Интересный оказался персонаж, этот нужный старик, он же — курганский респондент Гартевельда. Будем знакомы: урожденный Калужской губернии Арефьев Антон Зиновьевич, 1840 г. р. В 1865-м за убийство семьи местного помещика и за поджог с целью сокрытия следов данного преступления был осужден к двадцати годам каторги и сослан на Сахалин. С каторги Арефьев бежал и примерно с полгода скрывался в сахалинской тайге, хоронясь у местных аборигенов (айнов). Был пойман, однако вскоре бежал снова. Причем на сей раз умудрился перебраться через Татарский пролив и «ушел» в глубь континента.
В 1885 году в Чите Арефьев совершил убийство пяти человек, был схвачен и осужден в бессрочную каторгу без перевода в разряд испытуемых, став пожизненным кандальником. До кучи получил четыреста (!) ударов розгами, после чего был снова возвращен на Сахалин. Отсидев в кандалах почти двадцать лет, с началом русско-японской войны записался в добровольные дружинники.
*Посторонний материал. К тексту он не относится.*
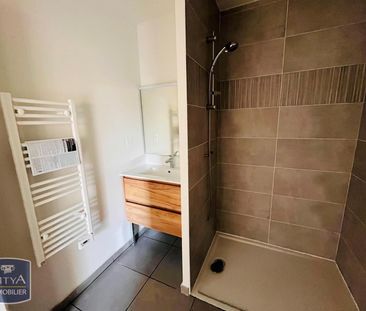 Location Appartement 2 pièces 47m² WAMBRECHIES 59118 - Photo 3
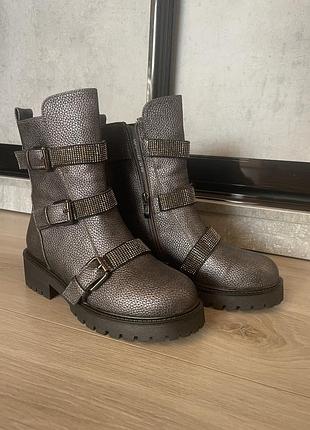 Женские сапоги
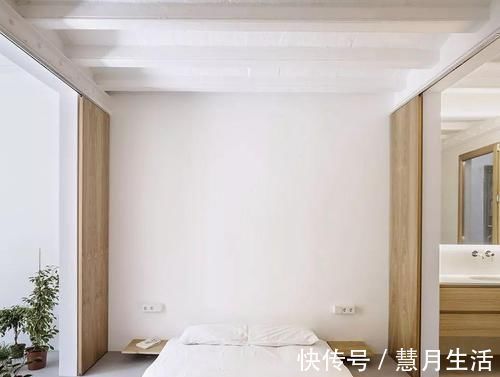 打通|他将2套小户型打通改成4室,做23米柜子,装滑动门,空间无限大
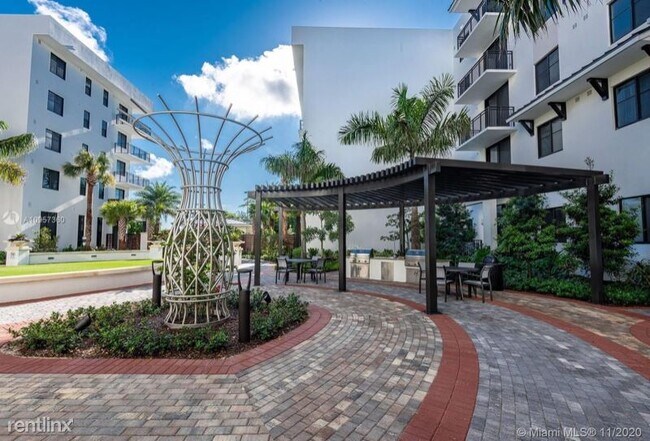 Building Photo - 3 br, 2 bath Condo - 17945 SW 97 Ave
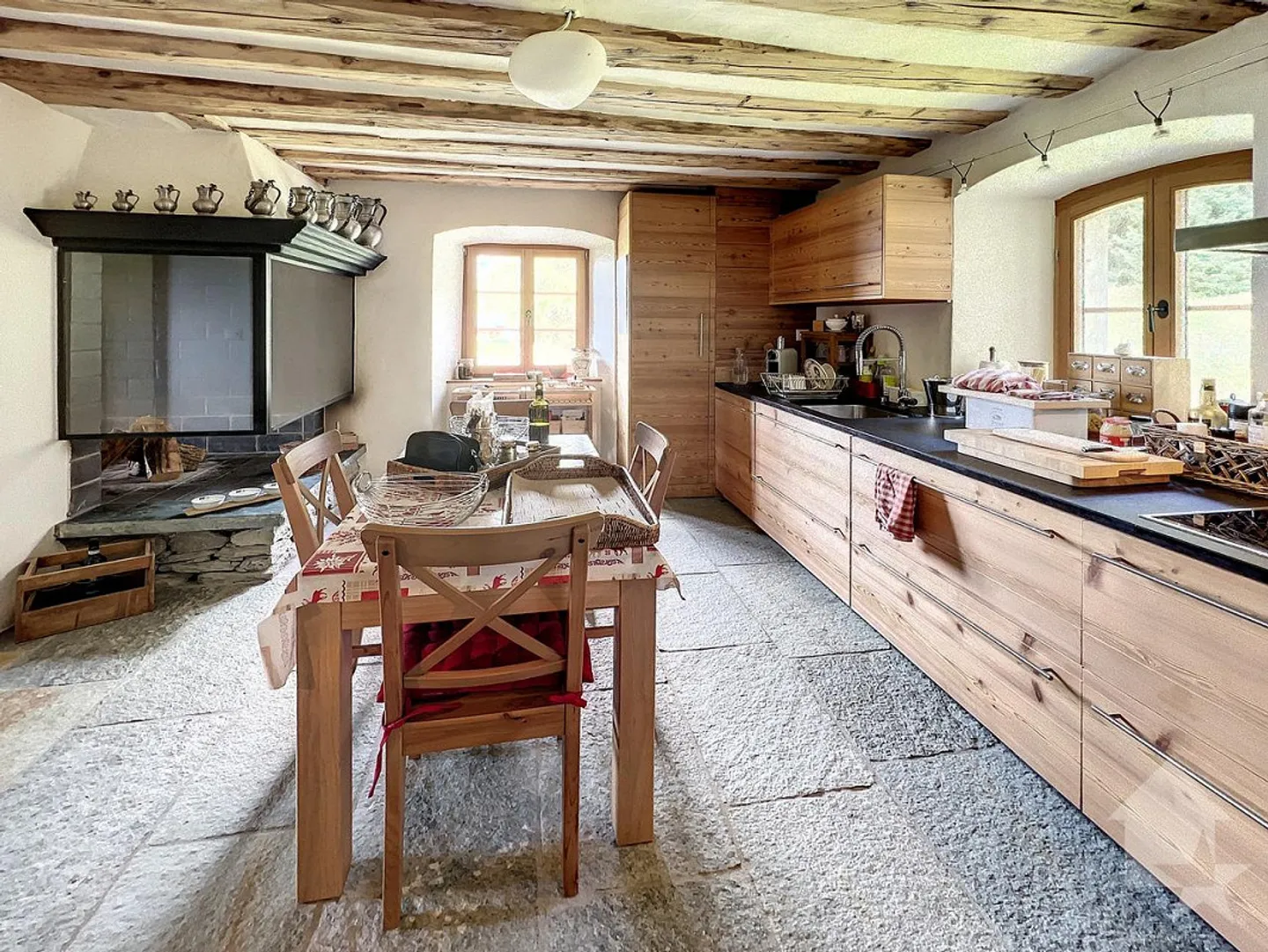 Exceptional and exclusive estate fully renovated - Photo 8 of 22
И, какое-то время спустя, с полным отпущением прежних смертных грехов (по утверждению Гартевельда, на совести Арефьева «гибель 23 душ»), в возрасте 68-ми лет очутился под Курганом[49]
.Биография, что и говорить, характерная. Неудивительно, что люди знающие советовали нашему Наполеонычу если и ехать к Арефьеву, то «с осторожностью». Гартевельд поехал[50]
. И старик не подкачал. Спел — и как надо, и что надо. В общей сложности Арефьев припомнил полтора десятка каторжных песен. Причем многие из них, по просьбе Гартевельда, он повторял по пять-шесть раз.«Своим старчески-надтреснутым голосом этот «злодей на покое» напевал мне сахалинские песни самого сентиментального содержания. Между прочим, он случайно сохранил в своей памяти два мотива песни айносов, первоначальных обитателей Сахалина, теперь составляющих постепенно вымирающее племя. Эти два мотива я записал. О происхождении айносов до сих пор идет спор. Но песни их построены на китайскую гамму; их характерной особенностью является отсутствие тонического кварта…»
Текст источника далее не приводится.